**What you will do**:
Each entry should be written out once more, exactly as given below.
=== Section Start ===
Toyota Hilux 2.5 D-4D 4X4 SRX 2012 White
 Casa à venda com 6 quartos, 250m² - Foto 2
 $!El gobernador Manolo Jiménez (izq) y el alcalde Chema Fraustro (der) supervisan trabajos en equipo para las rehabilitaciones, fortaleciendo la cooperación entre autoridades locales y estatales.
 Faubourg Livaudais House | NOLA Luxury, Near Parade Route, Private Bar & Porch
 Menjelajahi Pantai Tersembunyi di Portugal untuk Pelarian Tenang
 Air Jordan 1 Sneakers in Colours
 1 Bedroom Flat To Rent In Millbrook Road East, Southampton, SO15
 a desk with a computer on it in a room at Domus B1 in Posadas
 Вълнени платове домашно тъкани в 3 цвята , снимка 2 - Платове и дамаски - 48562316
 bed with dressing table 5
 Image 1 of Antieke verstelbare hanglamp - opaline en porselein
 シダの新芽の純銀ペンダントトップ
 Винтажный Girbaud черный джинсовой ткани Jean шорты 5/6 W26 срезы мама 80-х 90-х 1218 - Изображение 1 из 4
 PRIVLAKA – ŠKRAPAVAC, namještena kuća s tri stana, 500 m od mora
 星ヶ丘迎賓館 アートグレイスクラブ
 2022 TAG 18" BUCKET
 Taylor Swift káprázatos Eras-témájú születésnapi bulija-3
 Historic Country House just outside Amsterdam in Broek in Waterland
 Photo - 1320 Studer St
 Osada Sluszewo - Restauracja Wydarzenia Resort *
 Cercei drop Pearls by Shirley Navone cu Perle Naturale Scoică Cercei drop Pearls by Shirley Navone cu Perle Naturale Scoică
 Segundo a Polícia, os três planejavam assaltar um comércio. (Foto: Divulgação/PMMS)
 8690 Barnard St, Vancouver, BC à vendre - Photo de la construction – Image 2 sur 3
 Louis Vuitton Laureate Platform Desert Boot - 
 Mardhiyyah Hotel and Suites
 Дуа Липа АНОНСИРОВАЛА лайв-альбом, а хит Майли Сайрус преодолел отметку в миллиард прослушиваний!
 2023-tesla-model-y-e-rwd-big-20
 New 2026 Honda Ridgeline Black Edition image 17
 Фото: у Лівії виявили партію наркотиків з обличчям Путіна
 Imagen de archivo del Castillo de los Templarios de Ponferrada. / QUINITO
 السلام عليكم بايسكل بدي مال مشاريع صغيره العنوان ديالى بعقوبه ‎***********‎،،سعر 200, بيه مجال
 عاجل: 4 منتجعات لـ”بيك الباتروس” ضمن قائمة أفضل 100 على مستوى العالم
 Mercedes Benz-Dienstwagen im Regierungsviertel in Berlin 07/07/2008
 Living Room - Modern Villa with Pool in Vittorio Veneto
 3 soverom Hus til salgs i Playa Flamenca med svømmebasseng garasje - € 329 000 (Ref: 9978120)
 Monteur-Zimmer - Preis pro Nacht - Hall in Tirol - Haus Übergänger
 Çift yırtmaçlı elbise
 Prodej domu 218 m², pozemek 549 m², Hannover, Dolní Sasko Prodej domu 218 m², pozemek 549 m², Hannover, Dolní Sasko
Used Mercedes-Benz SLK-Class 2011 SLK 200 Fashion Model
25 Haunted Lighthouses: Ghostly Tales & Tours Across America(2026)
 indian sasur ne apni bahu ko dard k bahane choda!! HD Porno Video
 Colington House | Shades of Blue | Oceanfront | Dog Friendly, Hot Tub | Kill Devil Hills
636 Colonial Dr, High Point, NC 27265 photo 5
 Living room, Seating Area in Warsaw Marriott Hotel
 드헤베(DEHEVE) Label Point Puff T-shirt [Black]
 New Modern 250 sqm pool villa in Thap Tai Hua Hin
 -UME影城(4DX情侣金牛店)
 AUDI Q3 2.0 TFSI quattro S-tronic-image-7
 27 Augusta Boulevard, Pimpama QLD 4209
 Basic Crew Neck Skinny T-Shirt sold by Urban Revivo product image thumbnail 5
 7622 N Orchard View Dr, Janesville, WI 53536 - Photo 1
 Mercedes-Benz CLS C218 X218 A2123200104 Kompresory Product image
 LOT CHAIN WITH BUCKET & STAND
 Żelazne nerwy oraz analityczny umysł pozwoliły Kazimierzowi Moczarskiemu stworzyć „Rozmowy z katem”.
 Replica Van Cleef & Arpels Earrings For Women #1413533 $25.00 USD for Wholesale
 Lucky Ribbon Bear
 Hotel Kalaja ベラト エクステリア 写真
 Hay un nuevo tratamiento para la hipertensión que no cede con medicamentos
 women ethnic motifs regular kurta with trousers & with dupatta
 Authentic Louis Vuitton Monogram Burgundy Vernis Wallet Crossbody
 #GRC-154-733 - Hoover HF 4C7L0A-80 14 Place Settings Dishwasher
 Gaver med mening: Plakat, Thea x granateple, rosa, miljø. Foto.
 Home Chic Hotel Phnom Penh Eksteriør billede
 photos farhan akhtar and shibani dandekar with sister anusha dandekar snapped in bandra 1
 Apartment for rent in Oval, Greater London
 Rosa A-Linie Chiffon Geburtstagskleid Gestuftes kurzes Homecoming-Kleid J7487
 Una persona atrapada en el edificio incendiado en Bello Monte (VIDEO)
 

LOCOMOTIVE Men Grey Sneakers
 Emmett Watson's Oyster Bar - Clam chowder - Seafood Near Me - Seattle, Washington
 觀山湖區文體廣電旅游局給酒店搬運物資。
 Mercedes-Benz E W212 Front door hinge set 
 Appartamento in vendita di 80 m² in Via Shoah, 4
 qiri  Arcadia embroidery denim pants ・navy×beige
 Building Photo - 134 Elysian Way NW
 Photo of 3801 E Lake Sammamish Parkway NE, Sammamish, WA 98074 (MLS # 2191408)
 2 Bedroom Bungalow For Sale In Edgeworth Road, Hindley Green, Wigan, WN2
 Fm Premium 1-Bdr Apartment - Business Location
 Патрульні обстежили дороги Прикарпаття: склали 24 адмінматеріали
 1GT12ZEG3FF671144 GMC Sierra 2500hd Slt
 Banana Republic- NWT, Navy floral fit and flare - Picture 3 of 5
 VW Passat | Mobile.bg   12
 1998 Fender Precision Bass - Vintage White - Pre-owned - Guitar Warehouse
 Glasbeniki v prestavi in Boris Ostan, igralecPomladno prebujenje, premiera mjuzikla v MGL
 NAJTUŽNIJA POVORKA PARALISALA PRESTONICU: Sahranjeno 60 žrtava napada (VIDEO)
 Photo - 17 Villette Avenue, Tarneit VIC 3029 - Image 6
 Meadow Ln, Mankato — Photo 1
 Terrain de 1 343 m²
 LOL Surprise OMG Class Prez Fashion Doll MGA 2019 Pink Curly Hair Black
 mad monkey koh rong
=== Section End ===
**Response area**:
Toyota Hilux 2.5 D-4D 4X4 SRX 2012 White
 Casa à venda com 6 quartos, 250m² - Foto 2
 $!El gobernador Manolo Jiménez (izq) y el alcalde Chema Fraustro (der) supervisan trabajos en equipo para las rehabilitaciones, fortaleciendo la cooperación entre autoridades locales y estatales.
 Faubourg Livaudais House | NOLA Luxury, Near Parade Route, Private Bar & Porch
 Menjelajahi Pantai Tersembunyi di Portugal untuk Pelarian Tenang
 Air Jordan 1 Sneakers in Colours
 1 Bedroom Flat To Rent In Millbrook Road East, Southampton, SO15
 a desk with a computer on it in a room at Domus B1 in Posadas
 Вълнени платове домашно тъкани в 3 цвята , снимка 2 - Платове и дамаски - 48562316
 bed with dressing table 5
 Image 1 of Antieke verstelbare hanglamp - opaline en porselein
 シダの新芽の純銀ペンダントトップ
 Винтажный Girbaud черный джинсовой ткани Jean шорты 5/6 W26 срезы мама 80-х 90-х 1218 - Изображение 1 из 4
 PRIVLAKA – ŠKRAPAVAC, namještena kuća s tri stana, 500 m od mora
 星ヶ丘迎賓館 アートグレイスクラブ
 2022 TAG 18" BUCKET
 Taylor Swift káprázatos Eras-témájú születésnapi bulija-3
 Historic Country House just outside Amsterdam in Broek in Waterland
 Photo - 1320 Studer St
 Osada Sluszewo - Restauracja Wydarzenia Resort *
 Cercei drop Pearls by Shirley Navone cu Perle Naturale Scoică Cercei drop Pearls by Shirley Navone cu Perle Naturale Scoică
 Segundo a Polícia, os três planejavam assaltar um comércio. (Foto: Divulgação/PMMS)
 8690 Barnard St, Vancouver, BC à vendre - Photo de la construction – Image 2 sur 3
 Louis Vuitton Laureate Platform Desert Boot - 
 Mardhiyyah Hotel and Suites
 Дуа Липа АНОНСИРОВАЛА лайв-альбом, а хит Майли Сайрус преодолел отметку в миллиард прослушиваний!
 2023-tesla-model-y-e-rwd-big-20
 New 2026 Honda Ridgeline Black Edition image 17
 Фото: у Лівії виявили партію наркотиків з обличчям Путіна
 Imagen de archivo del Castillo de los Templarios de Ponferrada. / QUINITO
 السلام عليكم بايسكل بدي مال مشاريع صغيره العنوان ديالى بعقوبه ‎***********‎،،سعر 200, بيه مجال
 عاجل: 4 منتجعات لـ”بيك الباتروس” ضمن قائمة أفضل 100 على مستوى العالم
 Mercedes Benz-Dienstwagen im Regierungsviertel in Berlin 07/07/2008
 Living Room - Modern Villa with Pool in Vittorio Veneto
 3 soverom Hus til salgs i Playa Flamenca med svømmebasseng garasje - € 329 000 (Ref: 9978120)
 Monteur-Zimmer - Preis pro Nacht - Hall in Tirol - Haus Übergänger
 Çift yırtmaçlı elbise
 Prodej domu 218 m², pozemek 549 m², Hannover, Dolní Sasko Prodej domu 218 m², pozemek 549 m², Hannover, Dolní Sasko
Used Mercedes-Benz SLK-Class 2011 SLK 200 Fashion Model
25 Haunted Lighthouses: Ghostly Tales & Tours Across America(2026)
 indian sasur ne apni bahu ko dard k bahane choda!! HD Porno Video
 Colington House | Shades of Blue | Oceanfront | Dog Friendly, Hot Tub | Kill Devil Hills
636 Colonial Dr, High Point, NC 27265 photo 5
 Living room, Seating Area in Warsaw Marriott Hotel
 드헤베(DEHEVE) Label Point Puff T-shirt [Black]
 New Modern 250 sqm pool villa in Thap Tai Hua Hin
 -UME影城(4DX情侣金牛店)
 AUDI Q3 2.0 TFSI quattro S-tronic-image-7
 27 Augusta Boulevard, Pimpama QLD 4209
 Basic Crew Neck Skinny T-Shirt sold by Urban Revivo product image thumbnail 5
 7622 N Orchard View Dr, Janesville, WI 53536 - Photo 1
 Mercedes-Benz CLS C218 X218 A2123200104 Kompresory Product image
 LOT CHAIN WITH BUCKET & STAND
 Żelazne nerwy oraz analityczny umysł pozwoliły Kazimierzowi Moczarskiemu stworzyć „Rozmowy z katem”.
 Replica Van Cleef & Arpels Earrings For Women #1413533 $25.00 USD for Wholesale
 Lucky Ribbon Bear
 Hotel Kalaja ベラト エクステリア 写真
 Hay un nuevo tratamiento para la hipertensión que no cede con medicamentos
 women ethnic motifs regular kurta with trousers & with dupatta
 Authentic Louis Vuitton Monogram Burgundy Vernis Wallet Crossbody
 #GRC-154-733 - Hoover HF 4C7L0A-80 14 Place Settings Dishwasher
 Gaver med mening: Plakat, Thea x granateple, rosa, miljø. Foto.
 Home Chic Hotel Phnom Penh Eksteriør billede
 photos farhan akhtar and shibani dandekar with sister anusha dandekar snapped in bandra 1
 Apartment for rent in Oval, Greater London
 Rosa A-Linie Chiffon Geburtstagskleid Gestuftes kurzes Homecoming-Kleid J7487
 Una persona atrapada en el edificio incendiado en Bello Monte (VIDEO)
 

LOCOMOTIVE Men Grey Sneakers
 Emmett Watson's Oyster Bar - Clam chowder - Seafood Near Me - Seattle, Washington
 觀山湖區文體廣電旅游局給酒店搬運物資。
 Mercedes-Benz E W212 Front door hinge set 
 Appartamento in vendita di 80 m² in Via Shoah, 4
 qiri  Arcadia embroidery denim pants ・navy×beige
 Building Photo - 134 Elysian Way NW
 Photo of 3801 E Lake Sammamish Parkway NE, Sammamish, WA 98074 (MLS # 2191408)
 2 Bedroom Bungalow For Sale In Edgeworth Road, Hindley Green, Wigan, WN2
 Fm Premium 1-Bdr Apartment - Business Location
 Патрульні обстежили дороги Прикарпаття: склали 24 адмінматеріали
 1GT12ZEG3FF671144 GMC Sierra 2500hd Slt
 Banana Republic- NWT, Navy floral fit and flare - Picture 3 of 5
 VW Passat | Mobile.bg   12
 1998 Fender Precision Bass - Vintage White - Pre-owned - Guitar Warehouse
 Glasbeniki v prestavi in Boris Ostan, igralecPomladno prebujenje, premiera mjuzikla v MGL
 NAJTUŽNIJA POVORKA PARALISALA PRESTONICU: Sahranjeno 60 žrtava napada (VIDEO)
 Photo - 17 Villette Avenue, Tarneit VIC 3029 - Image 6
 Meadow Ln, Mankato — Photo 1
 Terrain de 1 343 m²
 LOL Surprise OMG Class Prez Fashion Doll MGA 2019 Pink Curly Hair Black
 mad monkey koh rong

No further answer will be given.